I read an interesting blog post by Tim Warner earlier this evening, and then watched as a strong debate over the post waged on Twitter.
Tim’s article actually has two points. The second half – the benefits of SaaS/cloud software – are pretty evident to most people now. The first two paragraphs were the ones that drew the Twitter comments.
To summarise Tim’s point, he was saying:
“Some of the more technical questions like “is it true SaaS?” often don’t really mean much to a customer.”
The counter-argument from the eminently respected Naomi Bloom was that these definitions are important, and that people shouldn’t use words like SaaS when selling software if it doesn’t meet the strict definitions of those terms. Naomi has her own definition of SaaS InFullBloom in which she spells out the criteria even more precisely.
My own opinion – not that it was requested by anyone – is that the reality is somewhere in between.
I also roll my eyes when someone obsesses over the exact meanings of cloud/SaaS/’true SaaS’ etc as I really don’t believe that customers care. They care that the price and the functionality is good, and that the systems are managed in the cloud by the vendor who also delivers regular updates rich with new functionality. Do customers worry if the database is multi-tenant or not? In the main, no, they do not.
I do differ from Tim’s opinion slightly with one of his sentences however. He says “If it’s not on-premises it’s SaaS”. I know this is me now focussing on exact meanings of definitions, but I think this one is important to the customer. There is an important distinction between the triumvirate of cloud/SaaS/’true SaaS’ and plain hosting. I could take an on-premises system and move it to some rented physical servers from Rackspace.
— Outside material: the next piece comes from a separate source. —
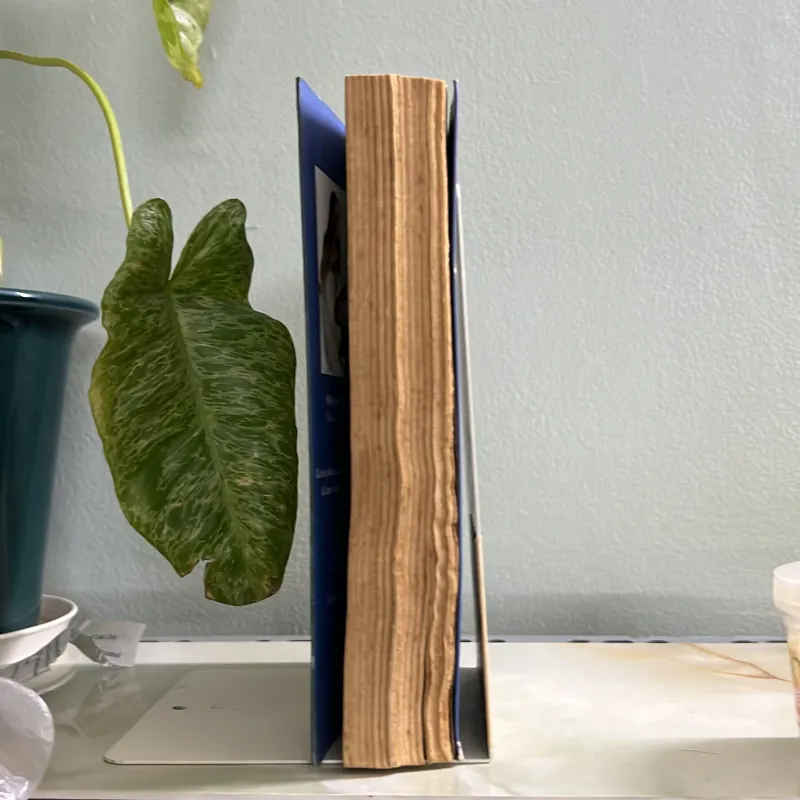 Nụ hôn của sói - Diệp Lạc Vô Tâm 755586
This is plain hosting and offers few of the benefits of the other three options (eg. elasticity of resources, economies of scale cost reductions, subscription pricing etc).
So in summary, I think there are important differences for customers between on-premises deployments, hosted deployments and cloud/SaaS/’true SaaS’ systems. However the differences in semantics between cloud, SaaS and ‘true SaaS’ are less important to most of the customers that I’ve encountered.